§ **EXERCISE DATA**
::::
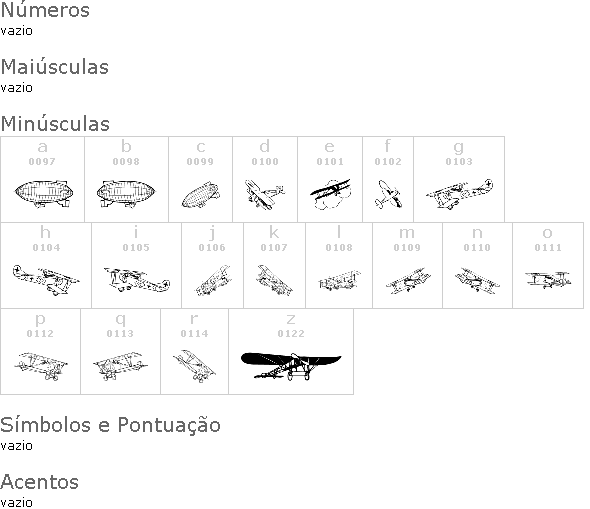 Aeroplanes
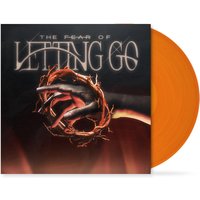 Hollow Front - The Fear Of Letting Go Orange - Colored Vinyl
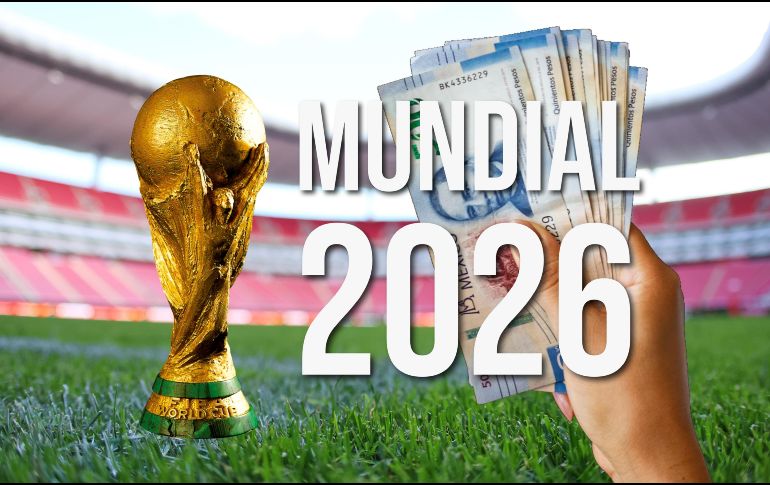 Esto cuestan los boletos prémium y paquetes hospitality para el Mundial 2026 en México. IMAGO7 / ARCHIVO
::::
Starting at the line that holds "Hollow Front - The", reproduce each line through the last one of the listing, and nothing more; the pictures stay out.

§ **RESPONSE AREA**
 Hollow Front - The Fear Of Letting Go Orange - Colored Vinyl
 Esto cuestan los boletos prémium y paquetes hospitality para el Mundial 2026 en México. IMAGO7 / ARCHIVO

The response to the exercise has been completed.